*Description of the task*
What you return should be the lines from the one with "What if the" through the one with "Within PowerDirector 16" in the data below, reproduced exactly with both ends, and no pictures at all.

*Material provided*
::::::::::

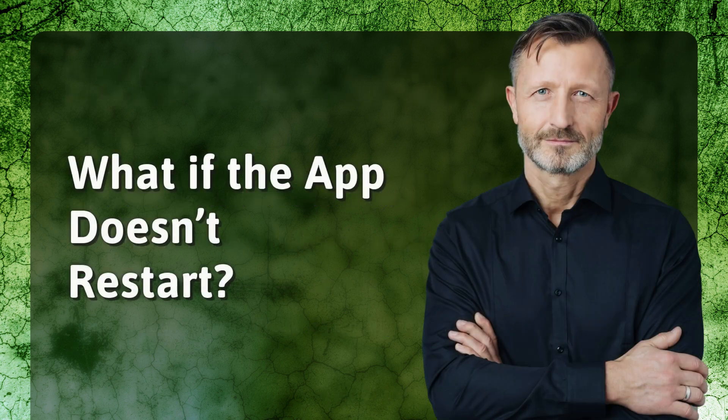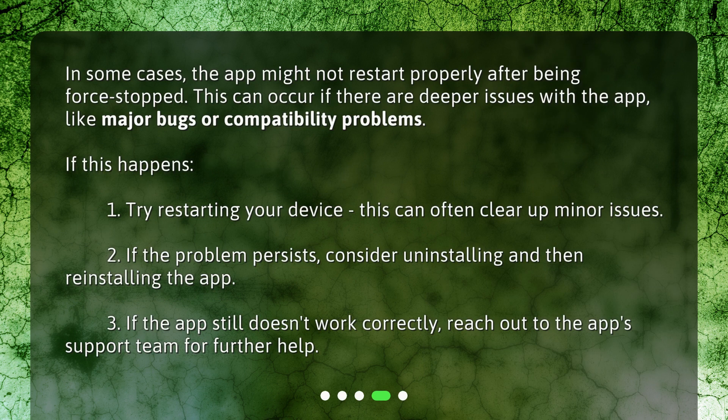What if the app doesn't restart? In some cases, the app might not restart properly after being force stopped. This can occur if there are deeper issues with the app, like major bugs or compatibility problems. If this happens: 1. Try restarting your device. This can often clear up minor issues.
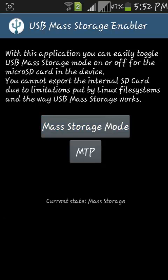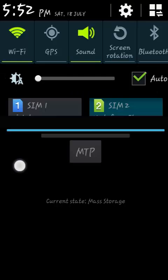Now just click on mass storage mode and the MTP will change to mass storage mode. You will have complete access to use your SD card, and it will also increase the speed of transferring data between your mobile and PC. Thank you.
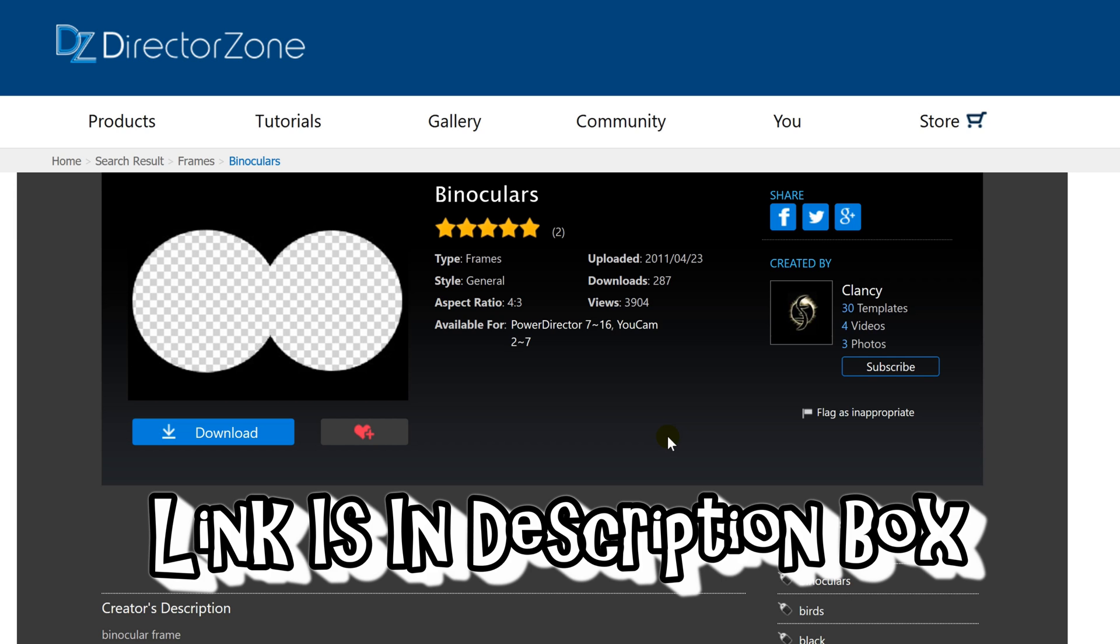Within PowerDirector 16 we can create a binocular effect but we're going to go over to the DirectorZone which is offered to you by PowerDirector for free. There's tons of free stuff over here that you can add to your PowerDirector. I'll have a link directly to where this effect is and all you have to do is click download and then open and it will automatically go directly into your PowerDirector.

::::::::::

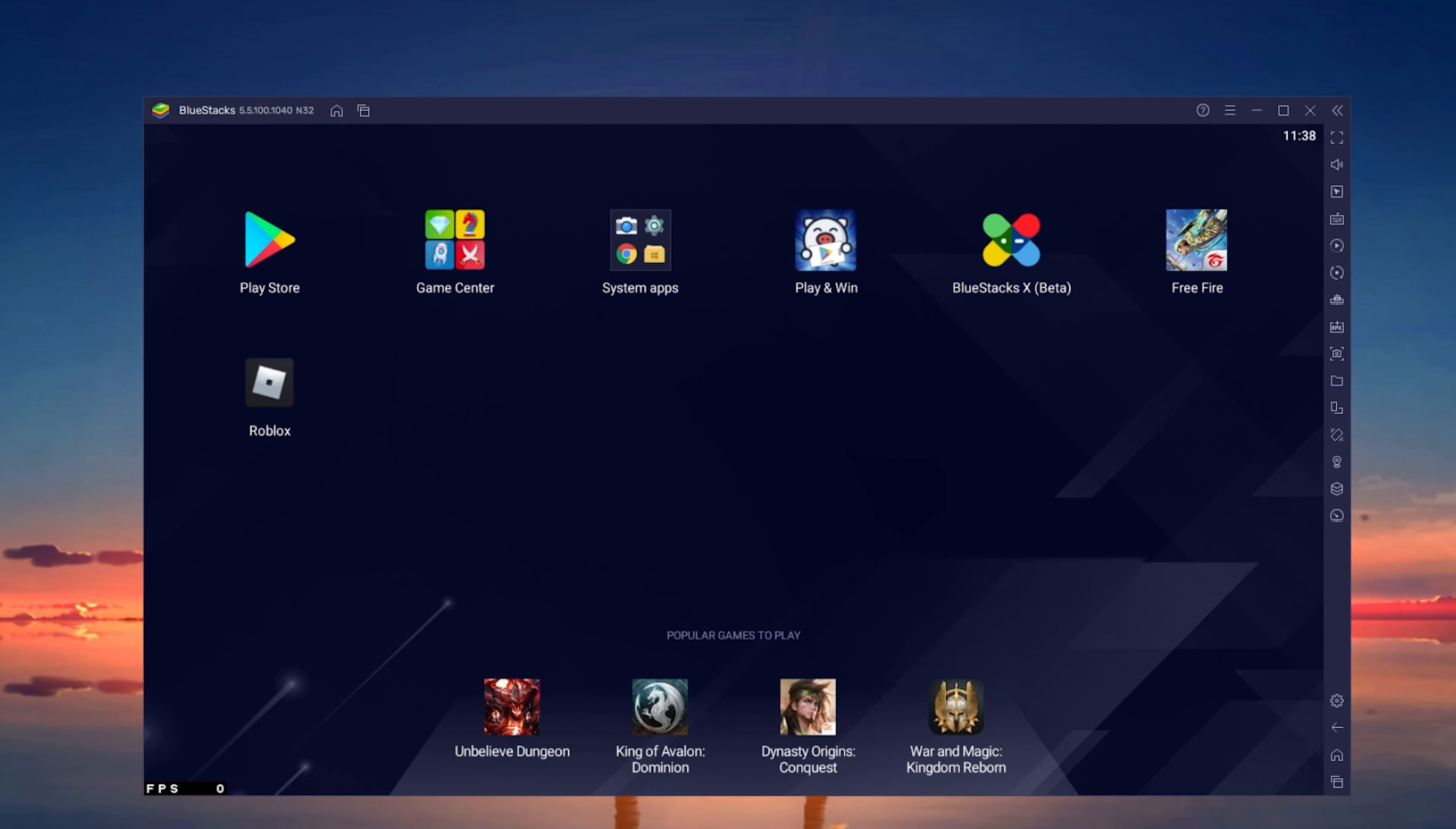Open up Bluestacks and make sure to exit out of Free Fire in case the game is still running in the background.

::::::::::

*Expected answer*
What if the app doesn't restart? In some cases, the app might not restart properly after being force stopped. This can occur if there are deeper issues with the app, like major bugs or compatibility problems. If this happens: 1. Try restarting your device. This can often clear up minor issues.
Now just click on mass storage mode and the MTP will change to mass storage mode. You will have complete access to use your SD card, and it will also increase the speed of transferring data between your mobile and PC. Thank you.
Within PowerDirector 16 we can create a binocular effect but we're going to go over to the DirectorZone which is offered to you by PowerDirector for free. There's tons of free stuff over here that you can add to your PowerDirector. I'll have a link directly to where this effect is and all you have to do is click download and then open and it will automatically go directly into your PowerDirector.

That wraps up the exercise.